Saturday, August 19, 2006

Planet Pluto to be Downgraded

Quickly now: How many planets are there in our solar system?

If you were awake during any science class from the second grade on, you know the answer to that question is nine. More people are probably aware of the number of planets in our solar system than are aware of the number of continents on Earth. That number is seven.

But by Friday of this week, there is a very good chance that the number of officially-recognized planets will have changed. No, none of them are going to fly off into interplanetary space nor fall into the sun. And new ones are not going to be created via some Velikovskyan collision of worlds.

Rather, the International Astronomical Union has proposed a new definition for planet. The proposal will not really change the official definition, since there has never actually been an official astronomical definition of the word, only a popular one.

It seems rather unusual for scientists of any discipline to have never officially defined a term they have used for hundreds of years, but so it is with planet. But a committee of the IAU has now proposed a definition, one which the American Astronomical Society fully supports. Their recommendation will be debated this week at the IAU general assembly in Prague, with a vote expected on Thursday.

If the full body accepts the recommendation, as expected, then every new science textbook will need to be updated with a new count for the number of planets in the solar system. And every school child from now on will have to learn that there are eight planets: Mercury, Venus, Earth, Mars, Jupiter, Saturn, Uranus, and Neptune.

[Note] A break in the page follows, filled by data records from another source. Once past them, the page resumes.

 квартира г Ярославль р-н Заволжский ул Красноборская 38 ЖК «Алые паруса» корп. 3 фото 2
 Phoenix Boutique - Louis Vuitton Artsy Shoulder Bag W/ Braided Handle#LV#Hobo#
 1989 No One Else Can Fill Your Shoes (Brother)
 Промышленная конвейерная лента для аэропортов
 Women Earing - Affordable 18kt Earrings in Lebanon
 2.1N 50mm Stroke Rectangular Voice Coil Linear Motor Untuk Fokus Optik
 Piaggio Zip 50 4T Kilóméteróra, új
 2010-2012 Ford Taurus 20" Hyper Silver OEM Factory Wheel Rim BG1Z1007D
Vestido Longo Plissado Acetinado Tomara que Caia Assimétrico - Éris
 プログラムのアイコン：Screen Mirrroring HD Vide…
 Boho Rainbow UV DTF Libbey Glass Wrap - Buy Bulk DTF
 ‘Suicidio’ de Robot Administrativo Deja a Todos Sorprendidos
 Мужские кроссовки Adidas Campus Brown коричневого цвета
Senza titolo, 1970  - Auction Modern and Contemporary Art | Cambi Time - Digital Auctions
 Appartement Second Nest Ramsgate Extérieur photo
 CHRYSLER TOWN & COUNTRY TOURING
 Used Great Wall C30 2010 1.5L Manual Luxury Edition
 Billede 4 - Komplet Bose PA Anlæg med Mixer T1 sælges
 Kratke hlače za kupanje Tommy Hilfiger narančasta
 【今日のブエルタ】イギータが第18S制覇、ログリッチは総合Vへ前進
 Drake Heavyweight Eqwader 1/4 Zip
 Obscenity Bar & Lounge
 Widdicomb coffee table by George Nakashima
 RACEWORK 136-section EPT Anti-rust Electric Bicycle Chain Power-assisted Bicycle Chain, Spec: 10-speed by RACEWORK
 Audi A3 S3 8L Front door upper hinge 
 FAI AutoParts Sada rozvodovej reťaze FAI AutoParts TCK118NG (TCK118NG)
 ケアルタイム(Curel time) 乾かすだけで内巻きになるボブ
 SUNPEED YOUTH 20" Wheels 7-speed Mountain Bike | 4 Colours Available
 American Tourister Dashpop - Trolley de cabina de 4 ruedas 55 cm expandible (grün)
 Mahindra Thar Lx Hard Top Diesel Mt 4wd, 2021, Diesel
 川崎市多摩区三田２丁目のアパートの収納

That’s right; Pluto will likely be downgraded by the new planetary definition. It will, instead, become a pluton, a new term that defines an object that is larger than a comet or an asteroid, but not big enough to be a full-fledged planet.

Most students now learn that Pluto has a single moon, called Charon. But that will also change. Since Charon and Pluto are so similar in size and they both orbit a common center of gravity that is in space between the two bodies, the correct term for the pair will be a double pluton.

The asteroid Ceres will also be a pluton, as will the newly discovered planetary object orbiting far beyond Pluto, unofficially named Xena. At least a couple dozen other very large asteroids may be reclassified as plutons as well.

So what is the newly-proposed official definition of a planet? If the proposal is accepted, a planet will be defined as “a celestial body that has sufficient mass for its self-gravity to overcome rigid body forces so that it assumes a hydrostatic equilibrium shape and is in orbit around a star and is neither a star, nor a satellite of a planet.” In other words, it has to be big enough to have enough gravity to hold itself together as a sphere.

It certainly is esoteric-sounding enough to be a scientific definition. I’m not sure most lexicographers would accept it as being in standard form, though, since it actually uses the word planet in the definition of the word planet. Otherwise, it seems accurate enough. It is the definition that I have supported for years even before I knew anyone was trying to define a planet, although I would have used fewer words.

So, with the crack of a gavel or the show of hands, or however they do votes at the IAU general assembly, the world view of the solar system will be all new. Our solar system will now be taught as the sun, around which orbit eight planets, four plutons, and hundreds of thousands of comets and asteroids.

It’s striking to contemplate that we Earthlings may be the only beings in the entire universe to know about the drastic change in the solar system, or to care.